Fair Work strips $85k from executive package in earnings calculation

At-risk compensation doesn't count toward the threshold even with predetermined formulas

Fair Work strips $85k from executive package in earnings calculation

A $235,000 executive package shrank to $150,000 in a Fair Work ruling that changes how performance bonuses count toward unfair dismissal thresholds.

The Fair Work Commission handed down a decision on January 16, 2026, that should make HR teams rethink how they calculate executive compensation packages. Network RV Pty Ltd learned the hard way that adding up what you actually pay an employee does not necessarily equal their legal earnings.

Jim Moutsias served as the company's Chief Operating Officer from January 2020 until his termination on July 18, 2025. When he filed for unfair dismissal, Network RV immediately objected. The company calculated his total package at $235,729.96, well over the $183,100 high-income threshold that bars workers from pursuing unfair dismissal claims.

The math seemed simple enough. Moutsias earned a $150,000 base salary. He received $40,800 in production bonuses, $20,800 as a car allowance, and the company contributed $24,129.96 to his superannuation. Network RV argued that all those payments combined put him firmly in high-earner territory, beyond the protection of unfair dismissal laws.

Commissioner Connolly saw things differently. The Fair Work Act draws specific lines around what counts as earnings. Payments that cannot be determined in advance do not count. Neither do reimbursements or mandatory superannuation contributions.
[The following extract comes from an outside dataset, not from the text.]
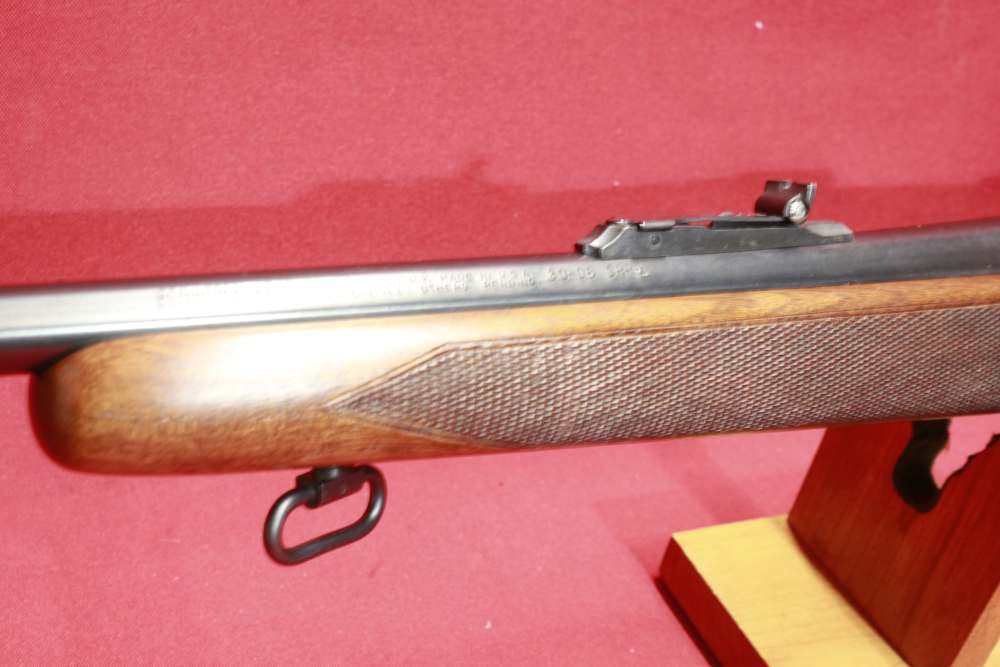 Remington model 725 Cal 30 06 in Excellent Condition-img-15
The production bonus became the battleground. Network RV insisted the payment was essentially fixed. The formula was clear: when weekly production exceeded a set threshold, Moutsias would receive a predetermined amount for each unit produced above that level. The company knew the rate, the employee knew the rate, and the payment could be calculated the moment production figures came in.
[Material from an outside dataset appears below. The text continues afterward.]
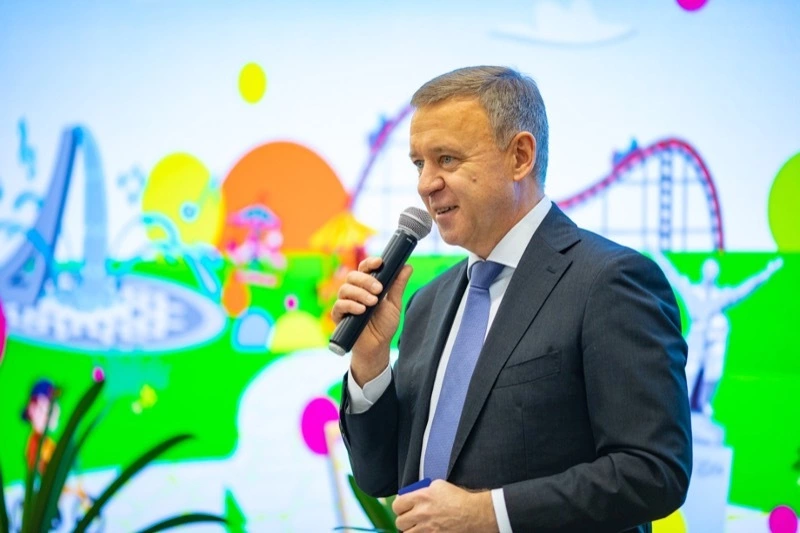 Детское колесо обозрения откроют в парке Южно-Сахалинска летом 2023 года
Moutsias argued that knowing the rate meant nothing if he never hit the targets. The bonus depended entirely on performance. Miss the production goals and the money disappeared. The payment was not guaranteed.

The Commission sided with the employee. Commissioner Connolly noted the employer "has not provided me any further information or submission to established that the production bonus payments made to the Applicant were guaranteed to be received by him." Without proof the bonus was locked in regardless of performance, it could not count as earnings.
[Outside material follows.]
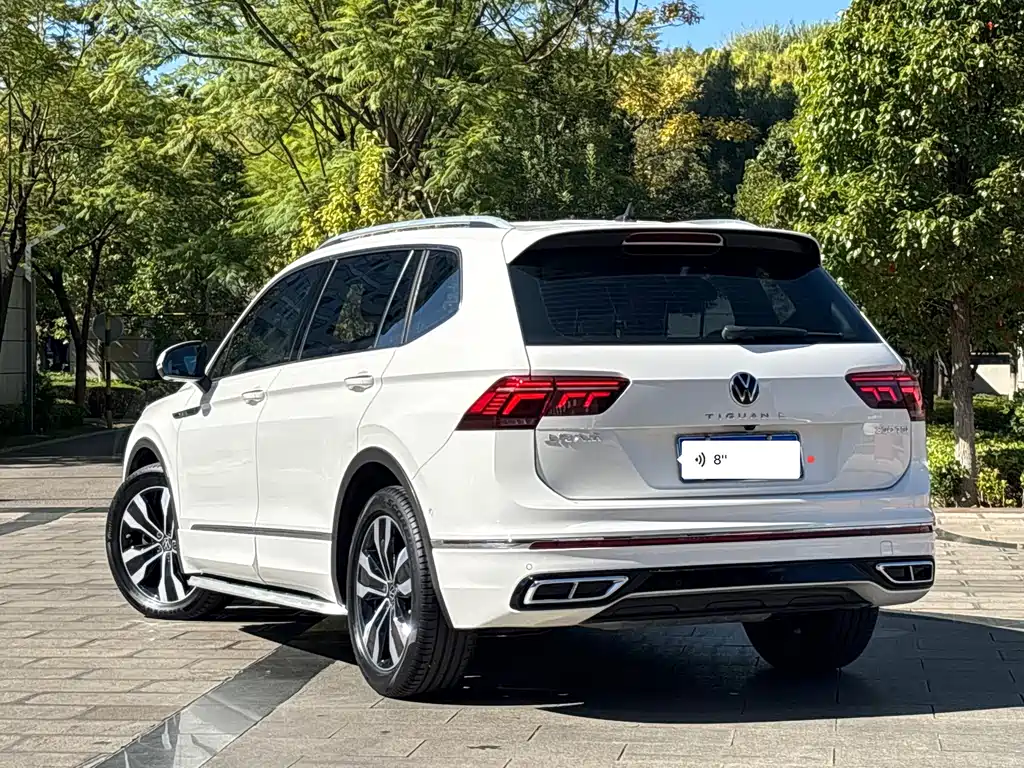 Volkswagen Tiguan L — фото 5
The superannuation contributions fell away too, as the law requires. The car allowance raised questions about whether any portion covered personal use, but that issue became irrelevant once the bonus was excluded.

Strip those amounts out and Moutsias landed at his $150,000 base salary, safely below the threshold. The company's jurisdictional objection failed. His unfair dismissal case will now proceed.

The ruling clarifies a distinction many employers miss. A performance bonus with a clear formula still fails the "determined in advance" test if the employee must meet conditions to collect it. The question is not whether you know the amount that would be paid if targets are met. The question is whether the payment is guaranteed.

For HR leaders structuring executive offers, the stakes are real. An employee collecting north of $200,000 annually may still access unfair dismissal protections if enough of that money is genuinely at risk. How you structure and document bonuses, commissions, and allowances can determine whether a termination lands you in front of the Fair Work Commission or not.